Valentin Ferré est un compositeur qui se situe à la croisée des champs de la musique et des arts plastiques. Une position qui explique peut-être un certain penchant pour les questions de déplacement l’entraînant notamment à concevoir dispositifs d’écoute mobiles et improvisations musicales à partir de flux. Nourries et constituées d’éléments hétérogènes produits ou trouvés, plus ou moins étrangers voire exotiques, ses créations sonores, conçues spécifiquement pour les lieux et les espaces où elles s’inscrivent à l’issue d’un processus incluant des opérations de collecte, de manipulation, de montage et d’étalonnage apparentant son geste à celui d’un sculpteur, sont diffusées au sein de sculptures, de films, de marches et autres déambulations véhiculées 1 conçus par lui ou/avec d’autres.

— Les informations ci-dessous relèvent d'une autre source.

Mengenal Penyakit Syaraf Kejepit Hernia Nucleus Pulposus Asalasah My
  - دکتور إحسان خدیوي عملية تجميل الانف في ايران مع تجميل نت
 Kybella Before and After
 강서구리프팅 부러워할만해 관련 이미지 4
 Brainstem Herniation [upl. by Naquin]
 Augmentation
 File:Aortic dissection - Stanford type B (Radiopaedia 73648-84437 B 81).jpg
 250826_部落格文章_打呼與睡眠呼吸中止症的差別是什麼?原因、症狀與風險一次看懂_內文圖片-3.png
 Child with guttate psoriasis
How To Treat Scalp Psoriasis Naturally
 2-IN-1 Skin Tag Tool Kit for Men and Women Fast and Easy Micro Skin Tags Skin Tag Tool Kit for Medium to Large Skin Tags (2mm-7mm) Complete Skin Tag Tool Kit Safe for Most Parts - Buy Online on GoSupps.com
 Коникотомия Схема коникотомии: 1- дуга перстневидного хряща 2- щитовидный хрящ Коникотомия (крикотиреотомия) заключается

À l’occasion de sa résidence pendant l’été 2018 à la Villa Rohannec’h, associée dans ce cadre à la Plage du Valais, c’est tout naturellement que Valentin Ferré a entrepris de relier les deux sites briochins par le biais d’une marche sonore de cinquante-quatre minutes partant du premier, perché sur les hauteurs de la ville, pour rejoindre le second en contrebas, en bord de mer, via le port du Légué. Autant de lieux emblématiques du paysage urbain combinant patrimoines naturel et culturel, sur lesquels s’est élaborée et greffée Vaudou et Chaloupe. Une importante phase d’observation in situ, tant visuelle que sonore, a prévalu à la composition faite d’après les lieux et pour eux, en vue d’échanger avec leur « paysage sonore » intrinsèque et en révéler, aussi, la part devenue imperceptible au fil du quotidien 2. Entendons-nous, si les lieux où se déroule la marche ont servi en toute logique de cadre de départ à la création sonore, il ne constituent pas ici le lieu d’origine (et de captation) des « sons-bruits » que celle-ci donne à entendre — l’artiste étant, soit dit en passant, peu enclin à la pratique du field recording (ou enregistrement de terrain). Qu’il s’agisse de chants d’oiseaux d’Europe, d’expirations enfumées de quelque locomotive ou du vrombissement de laborieuses machineries, un ensemble de documents sonores compilés, échantillonnés et modifiés par l’artiste entrent en résonance, parfois en simultané, avec ceux qui traversent systématiquement ou aléatoirement le parcours de la marche, étudié en amont 3. À ces sons « concrets », plus ou moins transformés et identifiables, viennent s’additionner nappes, notes et autres sons variablement manipulés et distordus du fait de passages multiples dans un magnétophone à bandes en fin de course, créant une texture sonore — et de fait, une ambiance — singulière et unique, dans un subtil mélange de musiques électroacoustique, expérimentale, ambient et minimaliste. À intervalles non réguliers, des silences et des mots se font également entendre, ces derniers conférant une dimension narrative, poétique et imaginaire à la composition : çà et là, la voix de l’artiste égrène en les murmurant des citations extraites du Chant du monde de Jean Giono et de La Mer de Jules Michelet, lui-même cité par Gaston Bachelard dans le chapitre qu’il consacre aux « eaux nourricières » dans son ouvrage Leau et les rêves4.

Moteur

Le groupe de participants à la marche est réuni à l’heure dite. En artiste-auteur — et bientôt interprète, à l’instar des autres marcheurs qu’il s’apprête à précéder, en guide éclaireur donnant le la de son pas chaloupé —, Valentin Ferré prend la parole de sorte à donner quelques précisions et instructions sur la marche à suivre, littéralement.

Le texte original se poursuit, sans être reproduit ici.